*Dataset records:*
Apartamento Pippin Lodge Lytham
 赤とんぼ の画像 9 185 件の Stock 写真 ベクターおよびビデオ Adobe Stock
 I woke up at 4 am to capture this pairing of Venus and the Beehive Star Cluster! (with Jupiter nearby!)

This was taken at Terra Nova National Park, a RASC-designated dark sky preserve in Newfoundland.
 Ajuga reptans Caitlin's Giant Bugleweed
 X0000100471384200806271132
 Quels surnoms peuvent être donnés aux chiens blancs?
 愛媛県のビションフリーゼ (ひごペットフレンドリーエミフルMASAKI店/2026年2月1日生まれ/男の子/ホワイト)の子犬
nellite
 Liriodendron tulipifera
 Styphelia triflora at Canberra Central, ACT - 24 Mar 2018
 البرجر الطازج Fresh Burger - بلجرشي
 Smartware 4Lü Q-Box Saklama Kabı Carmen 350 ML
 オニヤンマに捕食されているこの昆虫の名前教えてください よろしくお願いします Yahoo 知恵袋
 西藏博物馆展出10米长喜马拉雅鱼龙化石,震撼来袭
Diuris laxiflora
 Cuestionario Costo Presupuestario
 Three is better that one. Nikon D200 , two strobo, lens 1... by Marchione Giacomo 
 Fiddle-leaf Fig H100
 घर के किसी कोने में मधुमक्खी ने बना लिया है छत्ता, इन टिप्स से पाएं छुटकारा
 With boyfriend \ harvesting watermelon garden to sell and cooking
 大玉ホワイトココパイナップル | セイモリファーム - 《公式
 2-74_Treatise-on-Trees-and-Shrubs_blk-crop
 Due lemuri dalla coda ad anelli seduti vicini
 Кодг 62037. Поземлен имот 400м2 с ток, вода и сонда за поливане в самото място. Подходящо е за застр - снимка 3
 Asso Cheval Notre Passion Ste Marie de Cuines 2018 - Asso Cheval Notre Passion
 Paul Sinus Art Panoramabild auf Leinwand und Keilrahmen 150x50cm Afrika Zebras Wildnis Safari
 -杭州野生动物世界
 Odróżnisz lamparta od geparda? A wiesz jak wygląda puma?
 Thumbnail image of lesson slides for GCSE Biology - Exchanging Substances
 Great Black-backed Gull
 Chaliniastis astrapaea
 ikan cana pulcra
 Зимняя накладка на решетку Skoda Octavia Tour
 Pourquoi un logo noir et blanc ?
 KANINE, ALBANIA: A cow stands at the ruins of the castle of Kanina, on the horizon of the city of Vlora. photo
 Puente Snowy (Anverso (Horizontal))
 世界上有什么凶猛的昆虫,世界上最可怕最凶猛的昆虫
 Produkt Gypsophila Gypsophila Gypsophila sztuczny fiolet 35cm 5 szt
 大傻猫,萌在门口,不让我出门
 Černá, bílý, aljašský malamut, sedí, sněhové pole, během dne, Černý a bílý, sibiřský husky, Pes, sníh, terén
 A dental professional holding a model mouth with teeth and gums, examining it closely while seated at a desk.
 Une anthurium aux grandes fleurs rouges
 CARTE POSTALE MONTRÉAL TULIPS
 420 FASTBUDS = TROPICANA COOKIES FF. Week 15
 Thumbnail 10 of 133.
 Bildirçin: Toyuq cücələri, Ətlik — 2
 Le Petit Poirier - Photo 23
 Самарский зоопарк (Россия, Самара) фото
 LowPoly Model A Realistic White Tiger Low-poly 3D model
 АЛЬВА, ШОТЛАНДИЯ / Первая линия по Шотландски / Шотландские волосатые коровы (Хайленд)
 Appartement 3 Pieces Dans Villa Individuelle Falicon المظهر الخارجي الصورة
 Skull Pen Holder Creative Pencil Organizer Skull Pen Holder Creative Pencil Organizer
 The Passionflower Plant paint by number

*Exercise description:* With the line containing "Černá, bílý, aljašský" as the first and the last line of the records as the final one, print exactly the lines in that span.

*Exercise result:*
 Černá, bílý, aljašský malamut, sedí, sněhové pole, během dne, Černý a bílý, sibiřský husky, Pes, sníh, terén
 A dental professional holding a model mouth with teeth and gums, examining it closely while seated at a desk.
 Une anthurium aux grandes fleurs rouges
 CARTE POSTALE MONTRÉAL TULIPS
 420 FASTBUDS = TROPICANA COOKIES FF. Week 15
 Thumbnail 10 of 133.
 Bildirçin: Toyuq cücələri, Ətlik — 2
 Le Petit Poirier - Photo 23
 Самарский зоопарк (Россия, Самара) фото
 LowPoly Model A Realistic White Tiger Low-poly 3D model
 АЛЬВА, ШОТЛАНДИЯ / Первая линия по Шотландски / Шотландские волосатые коровы (Хайленд)
 Appartement 3 Pieces Dans Villa Individuelle Falicon المظهر الخارجي الصورة
 Skull Pen Holder Creative Pencil Organizer Skull Pen Holder Creative Pencil Organizer
 The Passionflower Plant paint by number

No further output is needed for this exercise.